# Eager and Lazy APIs

In [20]:
import polars as pl

In [21]:
# %%time
# trips = pl.read_parquet("data/taxi/yellow_tripdata_*.parquet")
# sum_per_vendor=trips.group_by("VendorID").sum()

# income_per_distance_per_vendor = sum_per_vendor.select(
#     "VendorID",
#     income_per_distance = pl.col("total_amount")/pl.col("trip_distance"),
#     )

# top_three = income_per_distance_per_vendor.sort(
#     by = "income_per_distance", descending=True
# ).head(3)

# top_three

haha looks like it was too much data and it killed the kernal in the dev container :D

In [22]:
%%time
trips = pl.scan_parquet("data/taxi/yellow_tripdata_*.parquet")
sum_per_vendor=trips.group_by("VendorID").sum()

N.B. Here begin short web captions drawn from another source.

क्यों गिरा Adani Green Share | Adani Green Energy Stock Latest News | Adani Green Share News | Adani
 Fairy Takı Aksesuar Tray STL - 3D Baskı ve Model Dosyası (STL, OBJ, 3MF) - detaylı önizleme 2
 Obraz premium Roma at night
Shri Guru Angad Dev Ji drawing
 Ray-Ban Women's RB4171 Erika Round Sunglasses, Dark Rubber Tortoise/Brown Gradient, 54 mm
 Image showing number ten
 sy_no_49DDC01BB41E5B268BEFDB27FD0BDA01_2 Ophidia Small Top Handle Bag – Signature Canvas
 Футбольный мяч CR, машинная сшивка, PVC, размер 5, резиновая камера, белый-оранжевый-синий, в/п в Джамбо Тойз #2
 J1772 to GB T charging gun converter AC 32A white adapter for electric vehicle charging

income_per_distance_per_vendor = sum_per_vendor.select(
    "VendorID",
    income_per_distance = pl.col("total_amount")/pl.col("trip_distance"),
    )

top_three = income_per_distance_per_vendor.sort(
    by = "income_per_distance", descending=True
).head(3)

top_three.collect()

CPU times: user 1.52 s, sys: 391 ms, total: 1.91 s
Wall time: 596 ms


VendorID,income_per_distance
i64,f64
1,6.434789
6,5.296493
5,4.731557


very cool the cell above can actually run in the dinky little container, not true for the eager api.
there are 12 parquet files, each one ~ around 30-50mb. so ltos of data. lets actually see how many rows that is...

In [23]:
schema = trips.collect_schema()
schema

Schema([('VendorID', Int64),
        ('tpep_pickup_datetime', Datetime(time_unit='ns', time_zone=None)),
        ('tpep_dropoff_datetime', Datetime(time_unit='ns', time_zone=None)),
        ('passenger_count', Float64),
        ('trip_distance', Float64),
        ('RatecodeID', Float64),
        ('store_and_fwd_flag', String),
        ('PULocationID', Int64),
        ('DOLocationID', Int64),
        ('payment_type', Int64),
        ('fare_amount', Float64),
        ('extra', Float64),
        ('mta_tax', Float64),
        ('tip_amount', Float64),
        ('tolls_amount', Float64),
        ('improvement_surcharge', Float64),
        ('total_amount', Float64),
        ('congestion_surcharge', Float64),
        ('airport_fee', Float64)])

In [24]:

len(schema)

19

In [25]:

trips.select(pl.len()).collect().item()

39656098

goodness thats a pretty big data set -  39million rows x 19 columns

## Tips and Trick

lazy to dataframe and back again

In [26]:
# nl = trips.collect()
# nl

# back again
# nl = nl.lazy()
# nl

In [27]:
# trips.head(3).sink_parquet("sink.parquet")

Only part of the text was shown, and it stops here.